───── Given records

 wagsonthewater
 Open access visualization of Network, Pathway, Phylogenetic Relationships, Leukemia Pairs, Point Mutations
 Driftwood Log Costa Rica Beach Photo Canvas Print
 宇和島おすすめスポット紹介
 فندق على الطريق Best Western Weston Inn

──────────
───── Given records

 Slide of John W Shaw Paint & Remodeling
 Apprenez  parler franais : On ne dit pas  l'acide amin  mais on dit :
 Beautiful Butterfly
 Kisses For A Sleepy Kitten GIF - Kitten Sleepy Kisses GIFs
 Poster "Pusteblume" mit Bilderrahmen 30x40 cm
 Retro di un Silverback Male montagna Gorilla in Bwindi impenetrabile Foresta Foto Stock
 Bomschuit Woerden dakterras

──────────

◆ What is required: What are the lines, exactly as written above, from the line with "Bilderrahmen 30x40 cm" to the line with "Bomschuit Woerden dakterras", both included? Output only those.

◆ Expected answer:
 Poster "Pusteblume" mit Bilderrahmen 30x40 cm
 Retro di un Silverback Male montagna Gorilla in Bwindi impenetrabile Foresta Foto Stock
 Bomschuit Woerden dakterras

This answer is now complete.